Respected trade magazine Property Week is reporting that after almost 14 years of inflicting development blight on Croydon town centre, without ever laying a single brick, Westfield could be about to flog off their interests in south London once and for all, in order to plug a financing hole in another scheme in Hamburg.

Here’s the news: Property Week‘s Westfield report, published last night

Initial suggestions were that Westfield – in the form of Paris-based Unibail Rodamco Westfield – were denying the Property Week story.

That seems curious since the multinational megabillion development company had been approached by the journal before publication and declined to comment.

The Property Week story is based on URW’s own, latest investor report, which says that the Croydon site is “being considered for ‘co-development or future disposal’.”

Any sale of Westfield’s stake in Croydon would come as a hammerblow to the borough’s Mayor Jason Perry, who has staked everything on being able to portray himself as the local politician who delivered the scheme – or at least delivered the third version of its planning permission.

A significant problem for Westfield, in large part thanks to their own commercial indecision and inertia, is that Croydon is not an attractive asset any longer.

Westfield had spent years screwing down the value of the Hammerson bit of their “Croydon Partnership” – the Centrale shopping centre – until the distressed mall operators sold up in 2023. Now, the market has done much the same to Westfield.

Veteran property journalist Peter Bill commented this morning that any Croydon deal “will need to be a bargain basement sale”.

It all suggests yet more uncertainty and delay for what was presented in 2012 as a £1.4billion redevelopment of Croydon town centre that would be delivered in 2017.

Detail-lite: with their Masterplan Framework, all Westfield has said is that they want to build some flats

After being given effective carte blanche by the council’s planning department with their latest “Masterplan Framework” in February this year, a formal planning application was supposed to be submitted by URW by the end of this year.

In interviews with Inside Croydon, senior figures from the site’s freeholders, the Whitgift Foundation, had revealed that any scheme that comes forward would now be residential-based, with 3,000 homes delivered as a private-public partnership, with Westfield bailed out with millions of housing funding from central government and the Greater London Authority.

Property Week reports that Westfield “is considering selling its Croydon development site following a £448million overspend at its Westfield Hamburg-Überseequartier development”.

They report: “The firm’s masterplan to transform Croydon town centre, including the Whitgift and Centrale shopping centres, into a mixed-use destination was unveiled last November.
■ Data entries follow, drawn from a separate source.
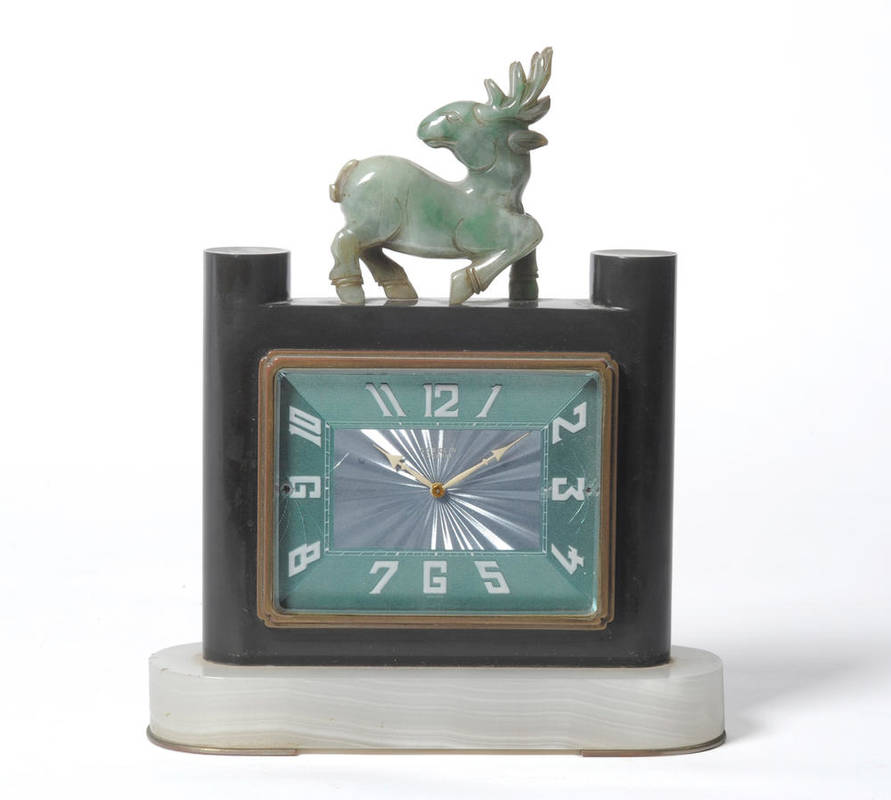 Lot 1500 - An Art Deco Mantel Clock, by G belin, the enamelled rectangular dial mounted in a black marble...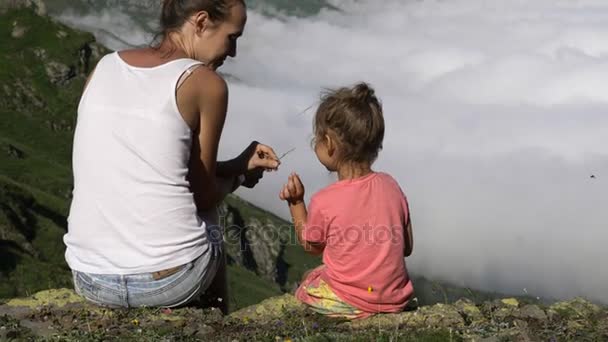 Jovem mulher com pouco bonito filha sentado no topo da montanha . — Vídeo de Stock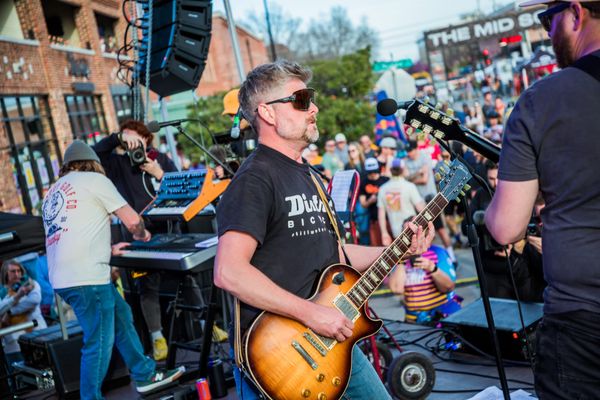 Bobby Wintle plays a sunburst Les Paul guitar at a microphone on an outdoor stage during The Mid South 2024, with a keyboard player behind him, a packed crowd.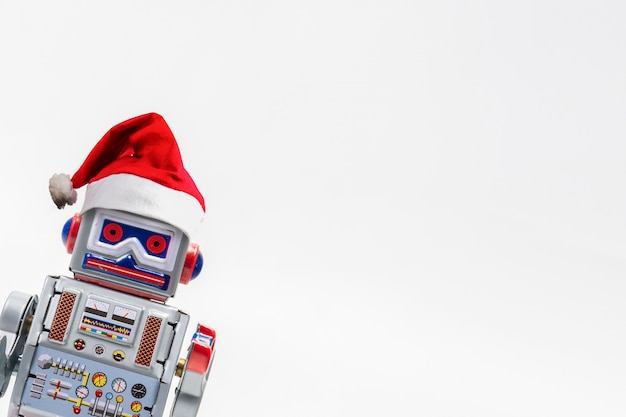 Jouet classique rétro robot vintage avec un chapeau de Noël sur fond blanc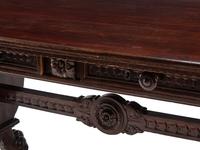 An Italian Renaissance Style Walnut Library Table
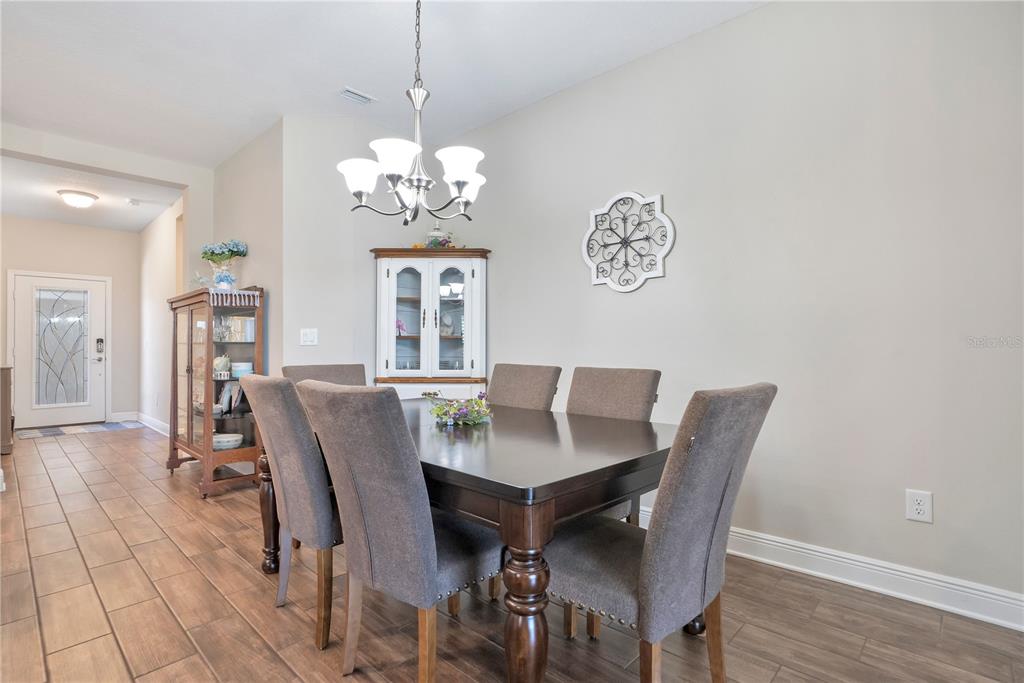 13541 Circa Crossing Drive Lithia, FL 33547 - Photo 13 of 52 a view of a dining room with furniture a chandelier and wooden floor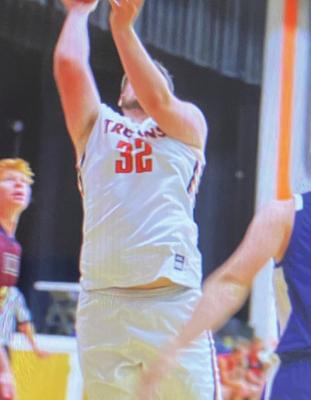 Cambridge’s Kyle Borland goes up for a shot inside.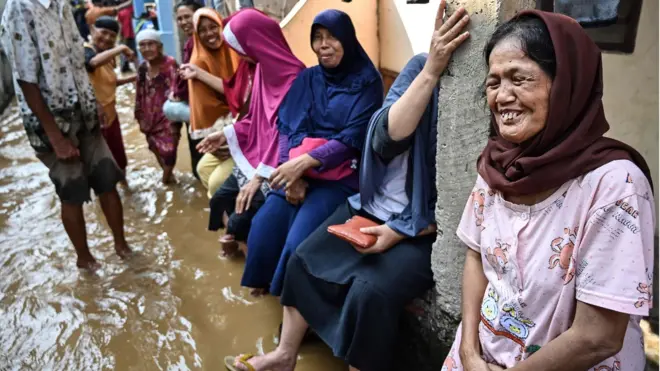 Residents react as they take shelter amid floodwaters in Jakarta on April 26, 2019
However, it is now looking increasingly unlikely URW will be able to deliver the plans alone.”

Hamburg is to get something very much like what Westfield first promised for Croydon (though without the cruise ship terminal), with “170 stores, 40 restaurants and bars, an art museum, three hotels and a cruise ship terminal when complete”, with the price tag now at £1.86billion.
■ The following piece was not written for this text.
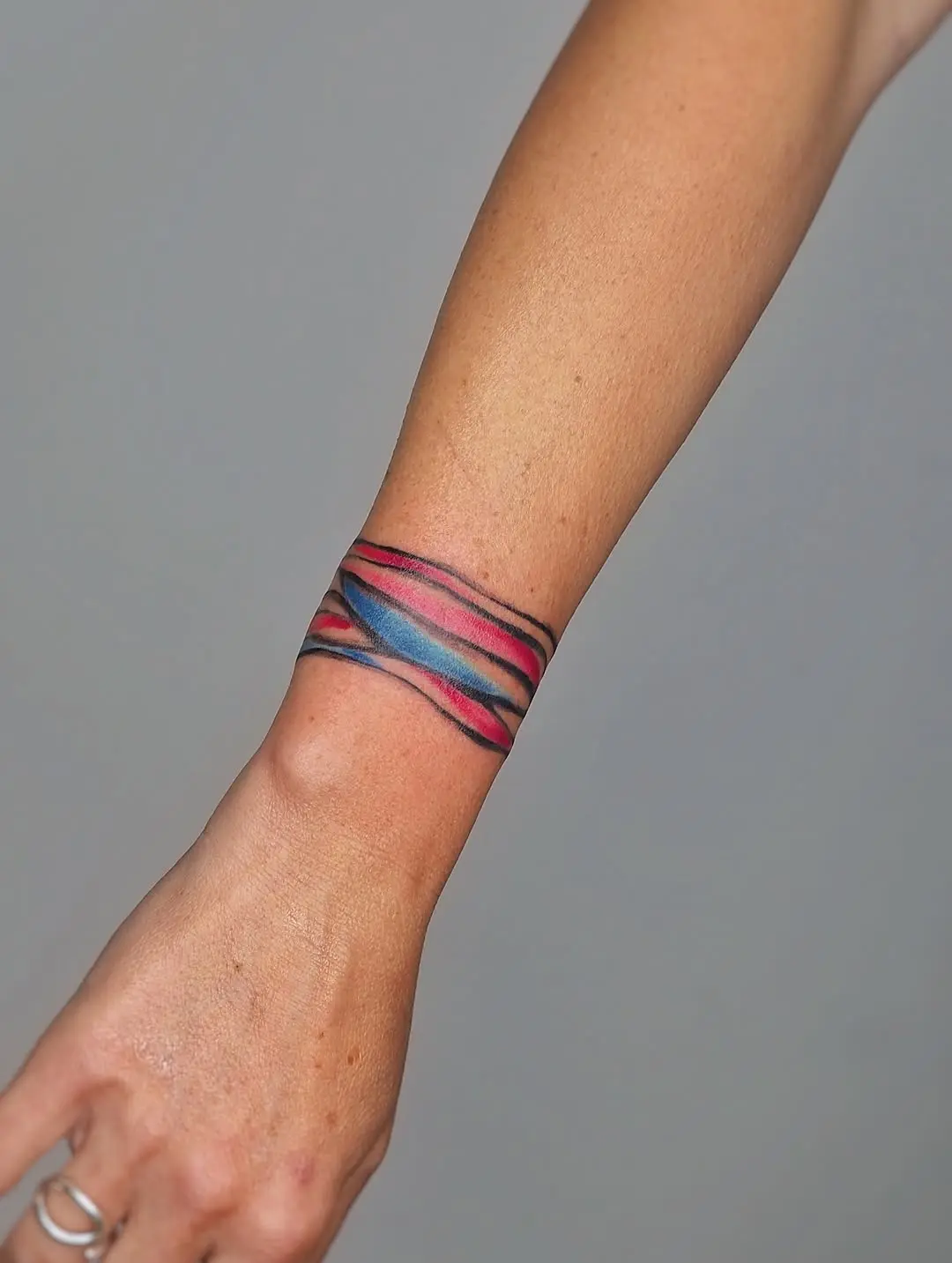 Vibrant and Abstract Armband Tattoo Design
“URW now needs to complete €2.2billion (£1.9billion) of disposals across this year and early 2026 as a result of its capital allocation strategy, with €1billion (£860million) of sales already secured, the firm told investors at its most recent investor day,” Property Week reports.

URW investors were told that the company would now have “a focus on improving existing assets and an aversion to taking on ‘direct construction risk on large-scale development projects’.” It is all very much like 2020, when URW removed Croydon from its development “pipeline” altogether.

“The firm will lack cash to develop the Croydon masterplan without major capital recycling, opening the possibility of the site being sold to cover the overspend at Hamburg, a source told Property Week.”

The magazine quotes an unnamed source: “URW needs to crystalise value, and the Croydon site could provide that while putting off potential future development costs…

“Opportunities are being presented to market across the portfolio, and Croydon could be in play.”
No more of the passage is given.